Today, Databricks launched its annual Data and AI Summit by making a significant change: it has open-sourced its Unity Catalog platform, which has been developing for the past three years to provide a comprehensive solution for data governance.
Previously a proprietary offering, Unity Catalog is now available under the Apache 2.0 license. This shift allows companies to utilize the underlying architecture and code to create and customize their own catalogs without incurring costs from Databricks. Additionally, Unity Catalog will feature an OpenAPI specification, server, and client support.
This announcement follows closely on the heels of a similar initiative by Snowflake, Databricks’ major competitor, which recently introduced the Polaris Catalog—its own open catalog system for enterprises. However, while Databricks immediately open-sourced Unity Catalog (with Databricks CTO Matei Zaharia demonstrating the code live), Snowflake’s Polaris will be open-sourced over the next 90 days.
Unity Catalog OSS: Empowering Customer Control
Databricks originally launched Unity Catalog as a proprietary data governance tool designed to manage access to data and AI assets within its ecosystem. It included features such as centralized data access management, auditing, data discovery, lineage tracking, and secure data sharing.
However, its closed-source nature limited users' ability to integrate it with other technologies, particularly with query engines compatible with Apache Iceberg or Hudi—two widely-used open table formats.
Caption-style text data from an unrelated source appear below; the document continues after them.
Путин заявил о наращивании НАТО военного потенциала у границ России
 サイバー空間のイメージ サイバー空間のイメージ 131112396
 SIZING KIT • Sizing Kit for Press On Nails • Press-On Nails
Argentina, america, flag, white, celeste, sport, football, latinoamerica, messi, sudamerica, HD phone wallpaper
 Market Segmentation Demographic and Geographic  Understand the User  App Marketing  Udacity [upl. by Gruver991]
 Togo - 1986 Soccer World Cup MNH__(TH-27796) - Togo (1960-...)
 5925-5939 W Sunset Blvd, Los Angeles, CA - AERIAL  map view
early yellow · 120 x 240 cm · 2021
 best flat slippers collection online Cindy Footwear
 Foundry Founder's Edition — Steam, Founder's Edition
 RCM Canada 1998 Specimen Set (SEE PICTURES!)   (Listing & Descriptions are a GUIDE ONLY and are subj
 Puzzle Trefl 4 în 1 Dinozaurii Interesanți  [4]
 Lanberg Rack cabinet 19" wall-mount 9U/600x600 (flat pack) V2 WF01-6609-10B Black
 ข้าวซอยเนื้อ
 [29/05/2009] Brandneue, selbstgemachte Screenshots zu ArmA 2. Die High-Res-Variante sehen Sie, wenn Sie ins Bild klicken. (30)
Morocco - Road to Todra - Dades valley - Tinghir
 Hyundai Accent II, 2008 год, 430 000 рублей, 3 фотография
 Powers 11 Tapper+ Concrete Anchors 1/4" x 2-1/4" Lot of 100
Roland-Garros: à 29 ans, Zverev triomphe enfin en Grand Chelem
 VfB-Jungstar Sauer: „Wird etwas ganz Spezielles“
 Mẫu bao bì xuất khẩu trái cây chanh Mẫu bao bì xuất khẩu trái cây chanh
Recognizing this limitation, Databricks developed the Delta Lake Universal Format (UniForm) last year. This new feature automatically generates the necessary metadata for Apache Iceberg and Hudi while unifying table formats into a single copy accessible from any supported engine.
With the open-sourcing of Unity Catalog and the introduction of open APIs, Databricks aims to provide a universal interface that accommodates all three open data formats through UniForm. This development enhances compatibility across various query engines, tools, and cloud platforms.
Joel Minnick, Databricks' VP of Product Marketing, explained, “With open-sourced Unity Catalog, current Databricks customers can leverage a broad ecosystem of Delta Lake and Apache Iceberg compatible engines, providing them the flexibility to access their managed data and AI assets via their preferred tools. Existing deployments utilize the same open APIs, allowing external clients to read from all tables, volumes, and functions in Unity Catalog with existing access controls.”
Unity Catalog also ensures interoperability with major cloud platforms (Microsoft Azure, AWS, GCP, and Salesforce) and compute engines such as Apache Spark, Presto, Trino, and others. It supports various data and AI platforms, including dbt Labs, Confluent, Fivetran, Granica, and more.
In addition to supporting open formats and engines, the catalog complies with Iceberg REST Catalog and Hive Metastore (HMS) interface standards, promoting cohesive governance across both tabular and non-tabular data and AI assets. This capability simplifies large-scale management of diverse data types, including machine learning models and generative AI tools.
How Does Unity Catalog Compare to Snowflake’s Polaris Catalog?
Like Unity Catalog, Snowflake’s Polaris Catalog emphasizes open catalog implementation for interoperability. However, Polaris is limited to data formatted for Apache Iceberg, while Unity Catalog OSS supports data in any format, including Iceberg, Delta, Hudi, Parquet, CSV, and JSON.
Furthermore, Databricks’ offering extends to unstructured datasets (volumes) and AI tools, enabling organizations to manage images, documents, and other files essential for generative AI applications—a capability not available with Polaris.
Minnick added, “Snowflake's proprietary storage format tables cannot be accessed via Polaris, whereas Unity Catalog OSS APIs allow external clients to read from all tables, volumes, and functions in Databricks Unity Catalog.”
Globally, over 10,000 organizations, including NASDAQ, Rivian, and AT&T, rely on Unity Catalog within the Databricks Data Intelligence Platform. The transition to open-source is expected to influence adoption rates significantly.
The Databricks Data and AI Summit runs from June 10 to June 13, 2024.